For my parents’ generation of farmers, repairing a punctured tire or slaughtering and butchering a steer was a fairly common skill, and like most acquired skills, this knowledge was passed down to them from their parents. When there are so few young farmers, what happens to all this knowledge?
The number of farmers in this country has been dropping ominously for decades, to the point where now only approximately 1% of Americans are farmers. We lose so much as a culture when so few are providing food for so many, and the implications for our knowledge base is staggering. As fewer and fewer people take up farming as a career, I really fear that our self-reliance—our resilience as a people—is quickly eroding.
Growing up, I had many interests, and this always kept me from being the best at any one thing. I played a number of sports, read a lot, and played multiple musical instruments. There was always a part of me that was jealous of the kids who were singularly motivated to excel at one thing, whether it was baseball, guitar, or the tuba. They were the ones who got the accolades, who were rewarded for their diligence. I could never pick just one thing.
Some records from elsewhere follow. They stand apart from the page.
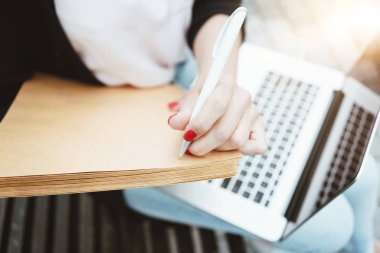 Kentsel alanda açık havada sınavlara hazırlanırken kız öğrenci üzerinde yakından görmek dizüstü bilgisayarı kullanıyor ve kağıt belgeleri. Kağıt üzerinde iş kadın yazar 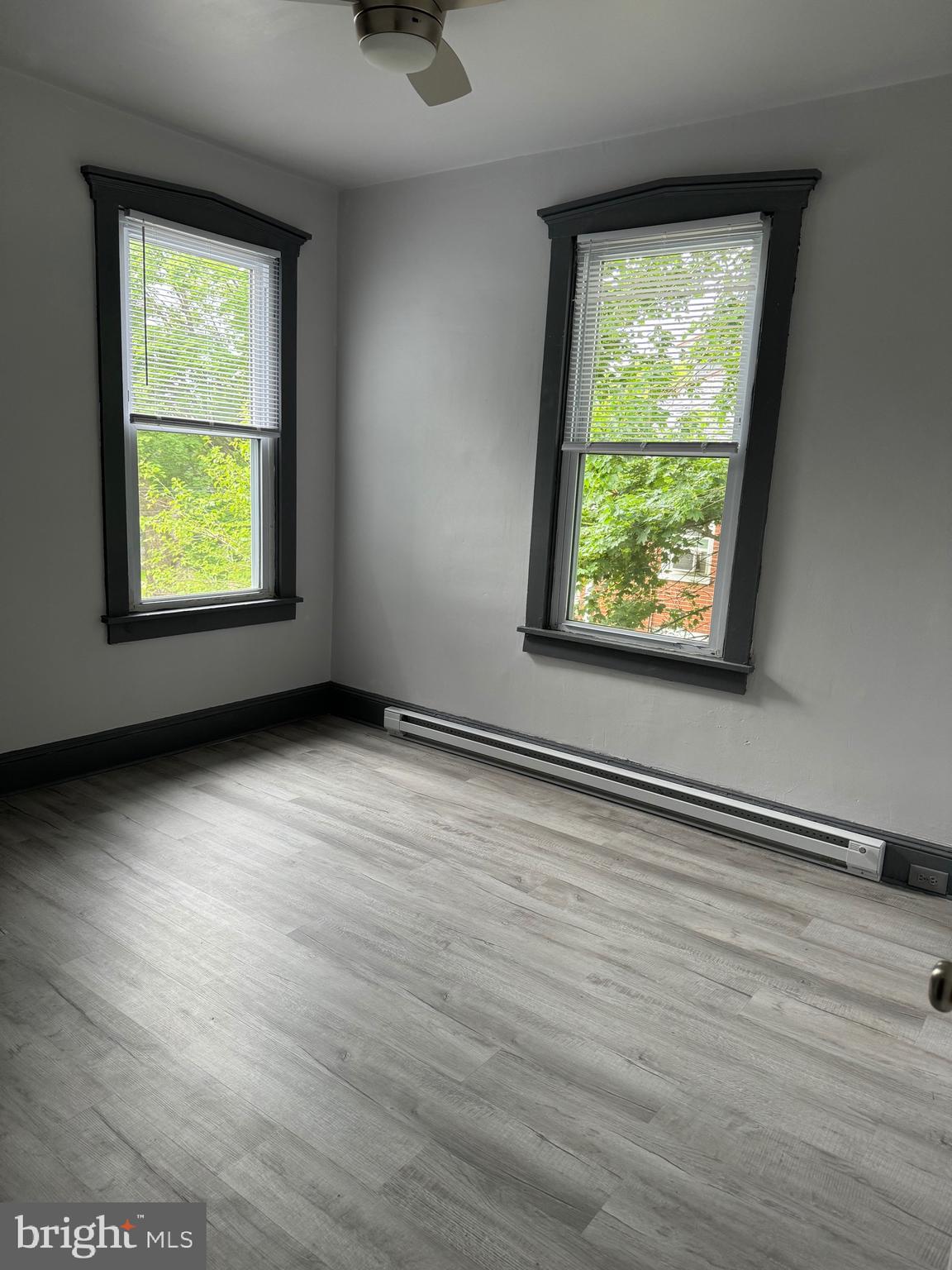 108 West State Street, Unit B Quarryville, PA 17566 - Photo 3 of 4 an empty room with wooden floor and windows
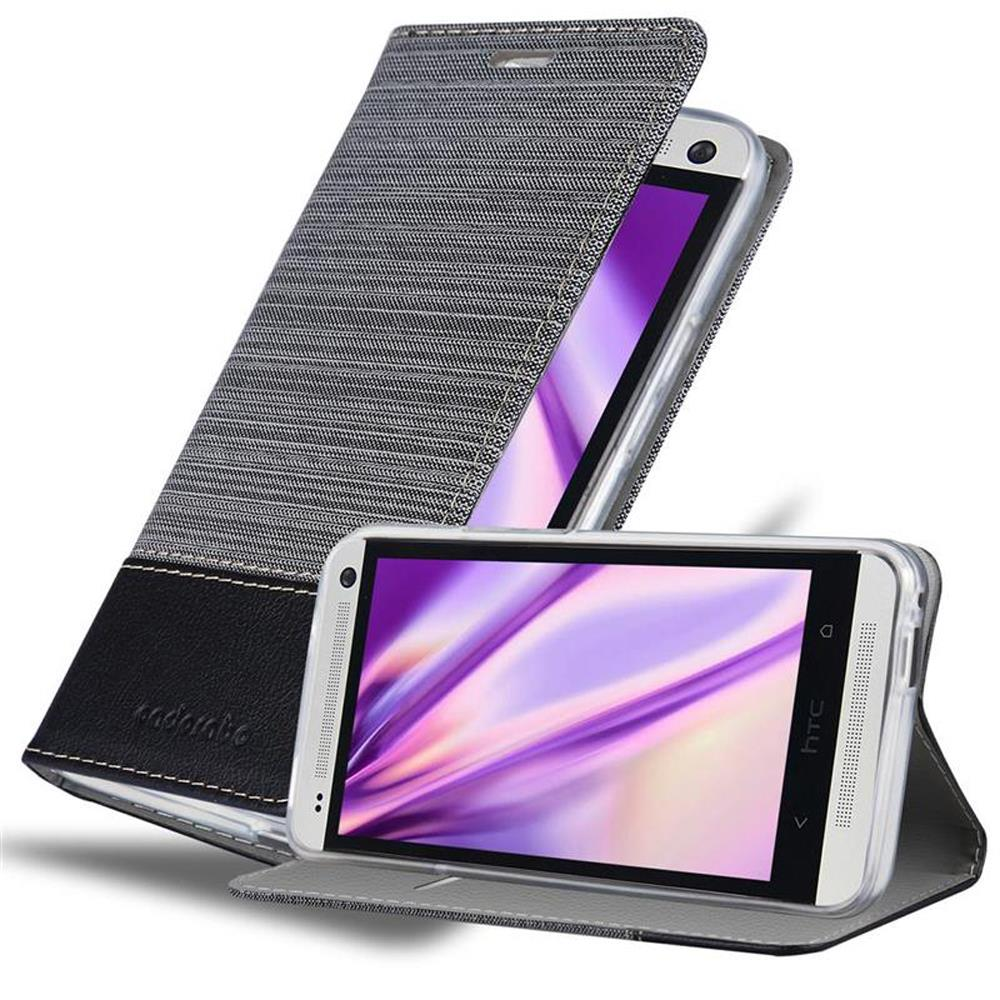 Funda gris para teléfono con un teléfono dentro. Fondo blanco y negro. Teléfono abierto.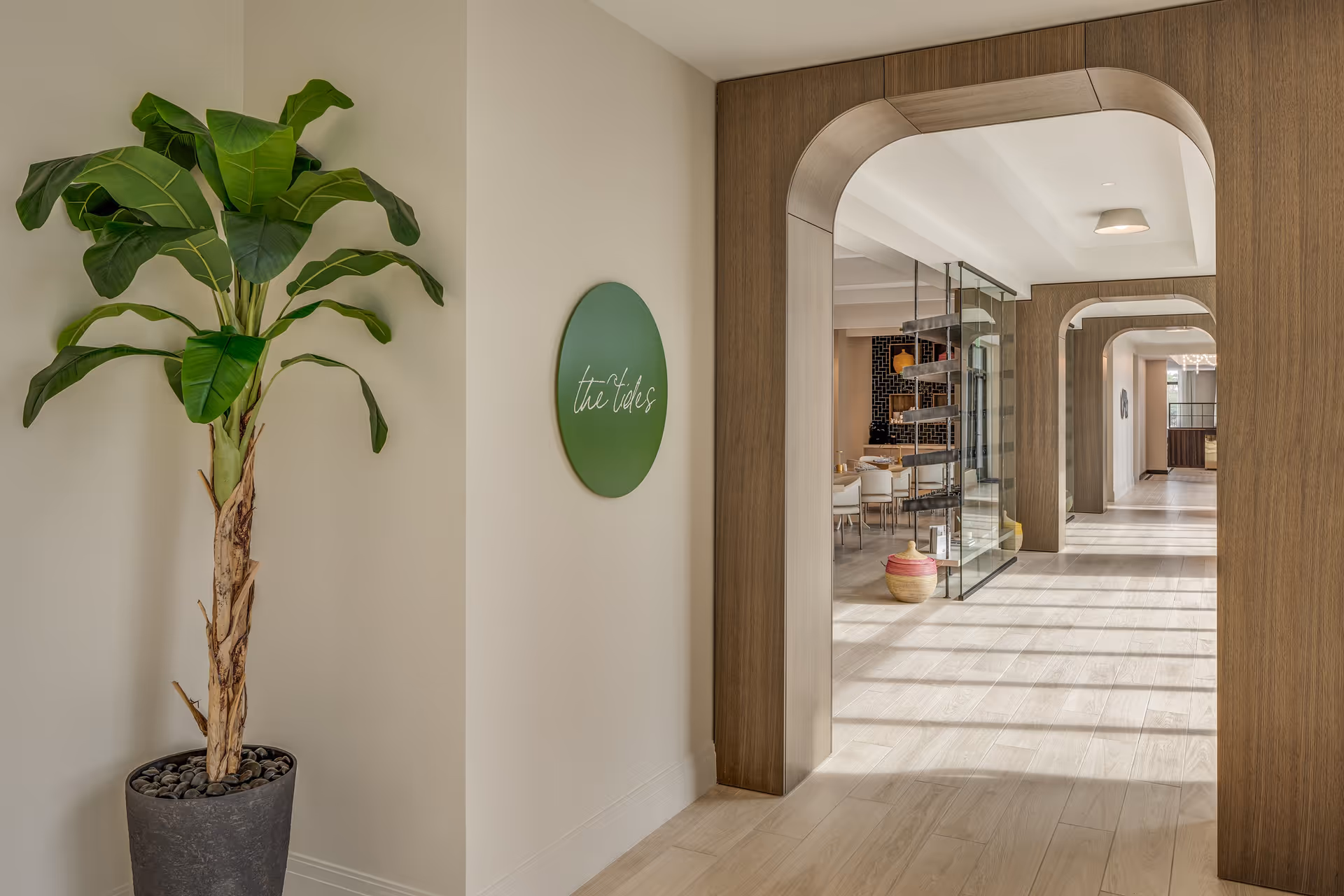 A bright hallway with light wood flooring and arched wooden door frames. On the left side, there is a tall potted plant with large green leaves and a round green sign on the wall that reads 'the tides'. The hallway leads to a dining area with tables and chairs visible through glass partitions.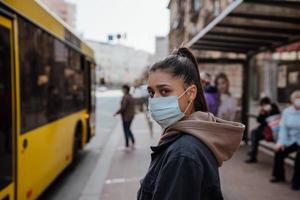 giovane donna indossare chirurgico maschera all'aperto a autobus fermare nel il strada foto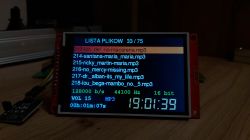 LCD screen with MP3 file list, highlighted selection, and playback details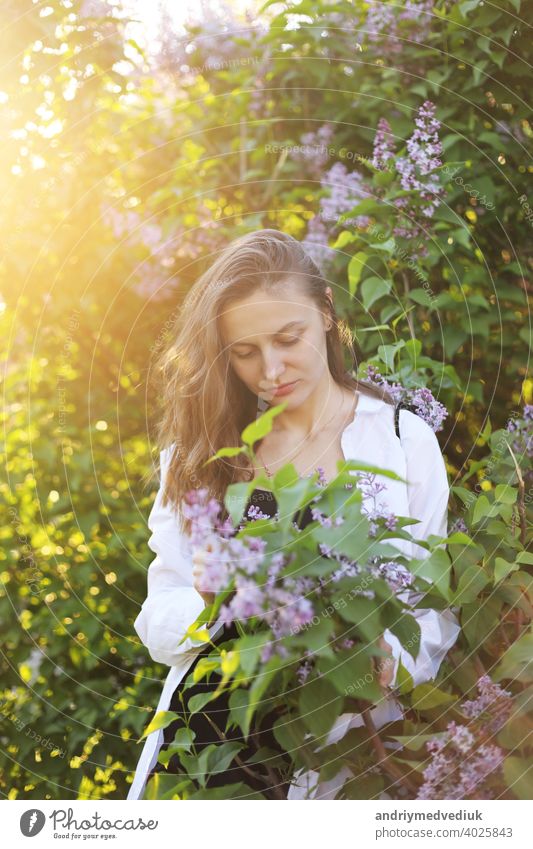 unwirklich schöne junge Frau zu Fuß in einem grünen blühte im Frühjahr in einem Lavendelgarten mit einem Blumenstrauß von Flieder in den Händen. Closeup Mode romantisches Porträt. riechen die Blumen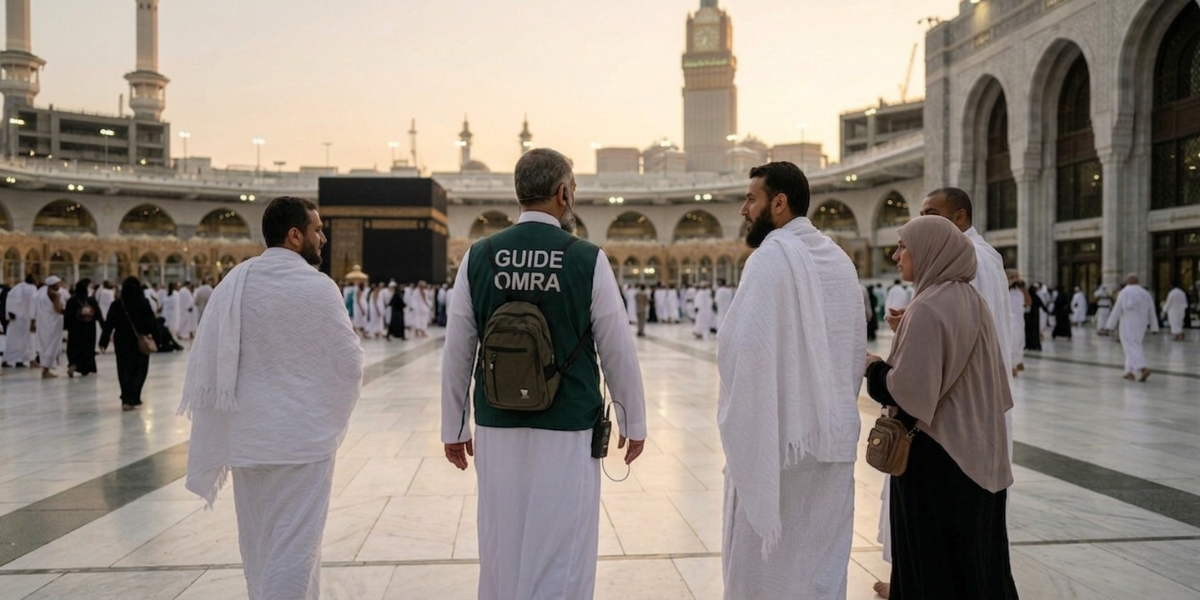Un guide en gilet vert marqué "GUIDE OMRA" échange avec un petit groupe de pèlerins francophones sur l'esplanade du Masjid al-Haram. La scène montre la proximité et l'aspect humain de l'accompagnement personnalisé face à la Kaaba au coucher du soleil.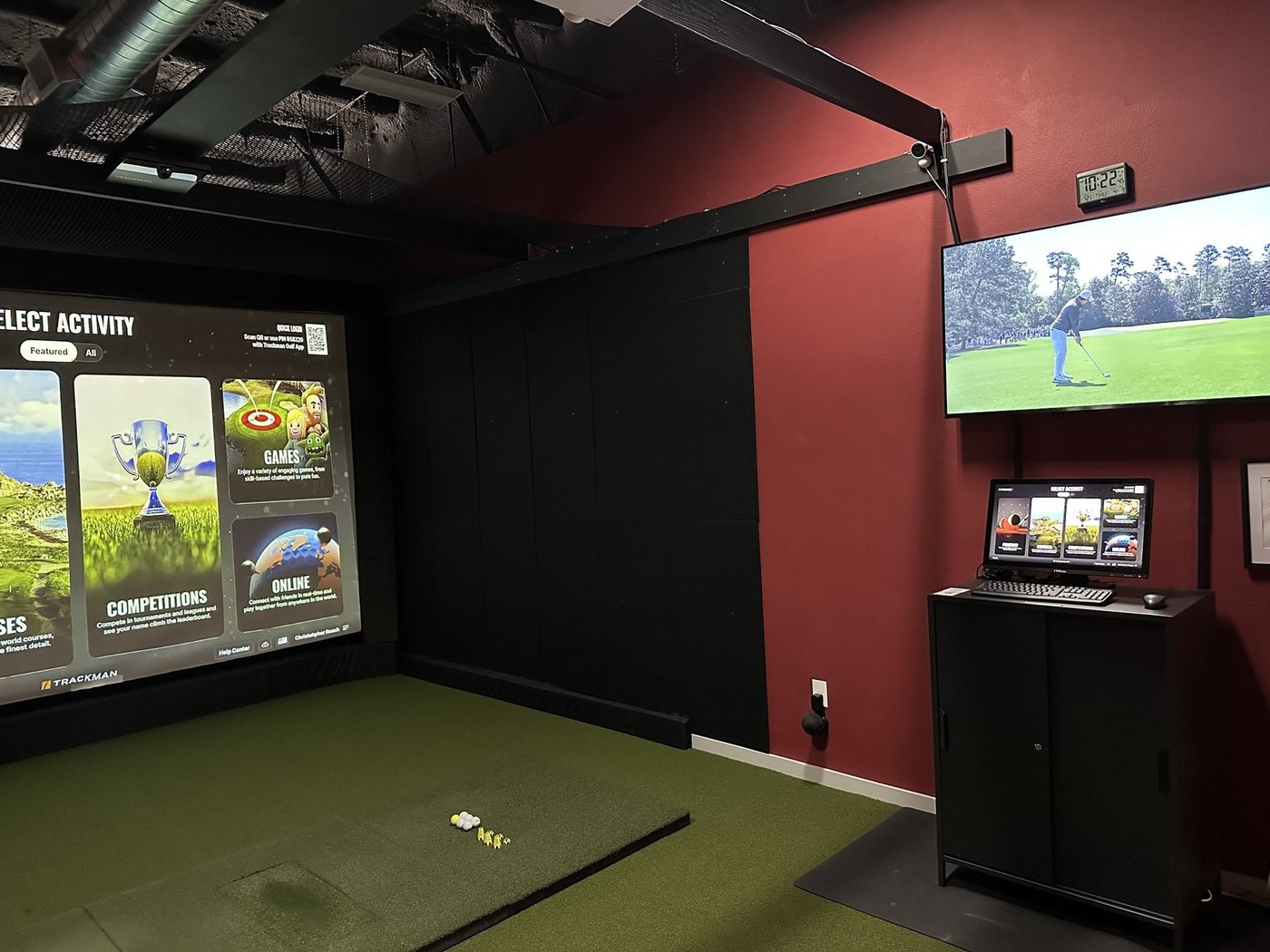 A private bay at ATX Indoor Golf Club with a wall-mounted TV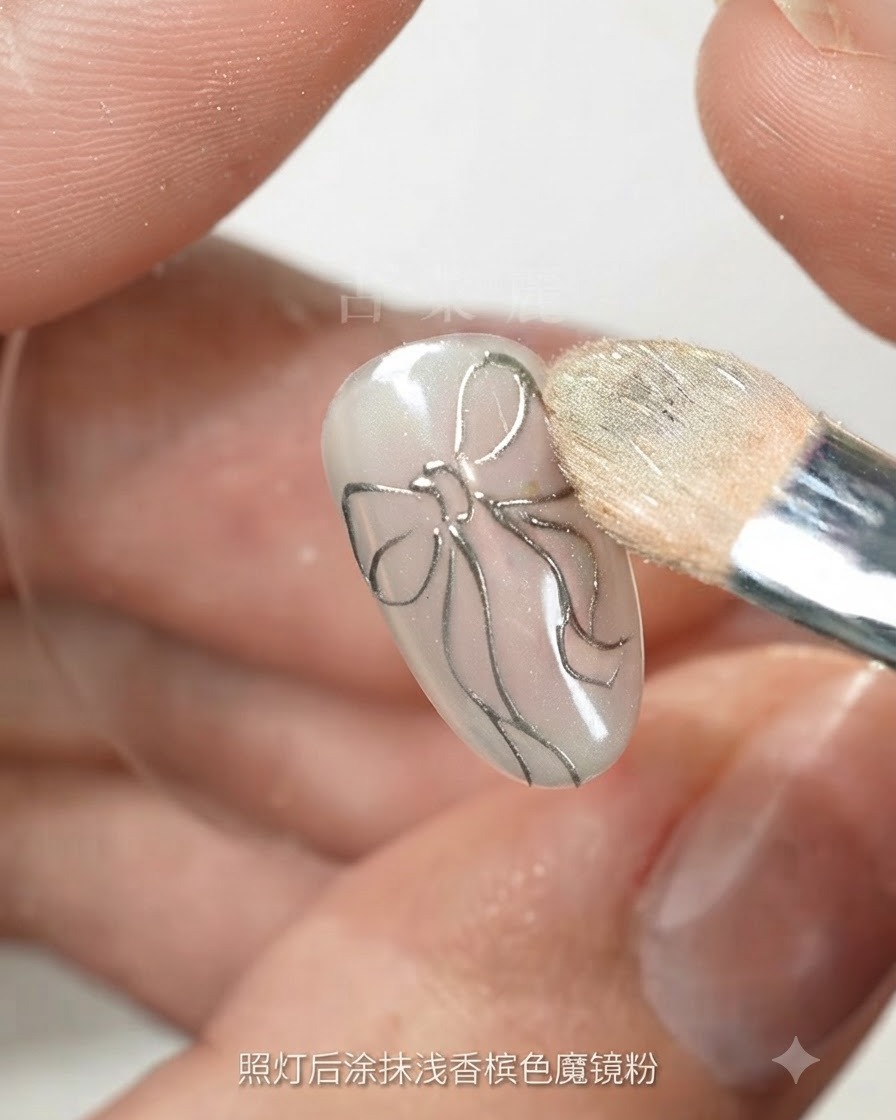 A makeup sponge buffing light champagne magic powder onto a nail with a silver bow outline.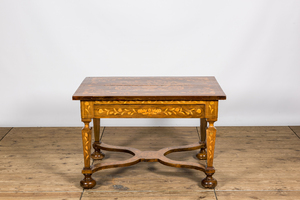 A Dutch veneered wooden table with floral marquetry, 19th C.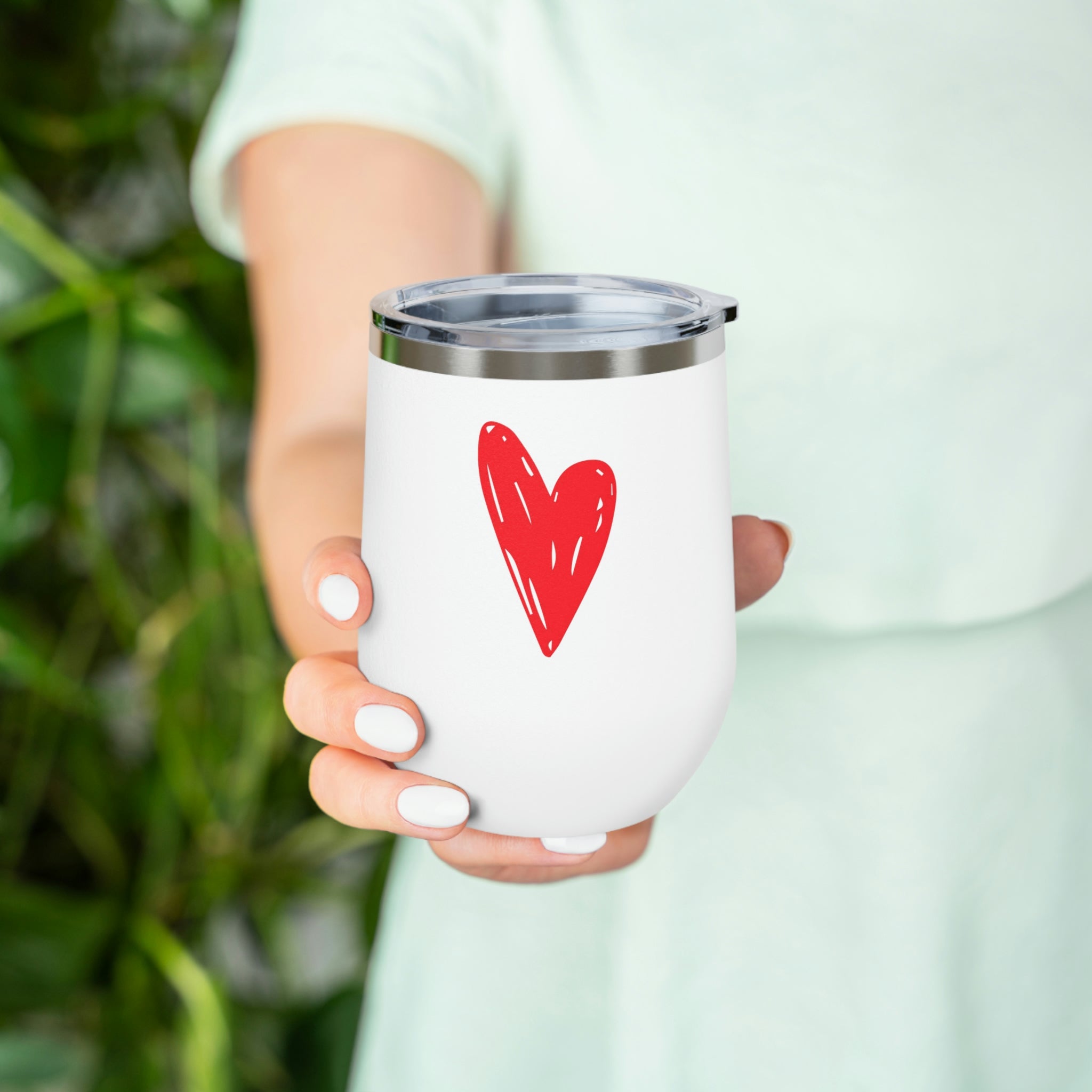 Hearts Wine Tumbler in stainless steel with a clear plastic lid, showcasing a stylish design perfect for hot and cold beverages.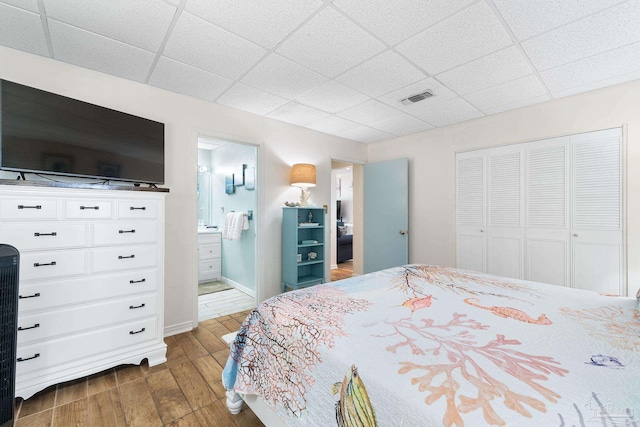 bedroom featuring dark wood finished floors, a paneled ceiling, a closet, visible vents, and connected bathroom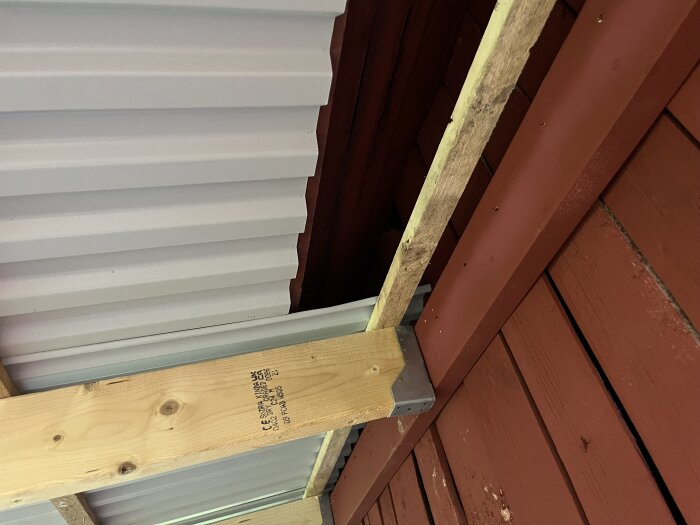 En vriden träregel och överlappande plåtprofiler på ett bygge, där plåten verkar vara för hög och tar i fotbrädan.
Finding a career posed the same challenges; it was difficult to find one specialized, rewarding field. I was a good student, so none of my mentors encouraged me to do anything other than go to college and work toward a doctorate or go to law school. That was success. Not one of my mentors looked at me and saw that what I should be doing was working with my hands. And I certainly didn’t know it at the time either.
Thankfully, through finding cooking and then returning to my family’s farming heritage, I am cultivating a wide range of specialized skills, and my personal passions are satisfied, for the most part, with the work that I do.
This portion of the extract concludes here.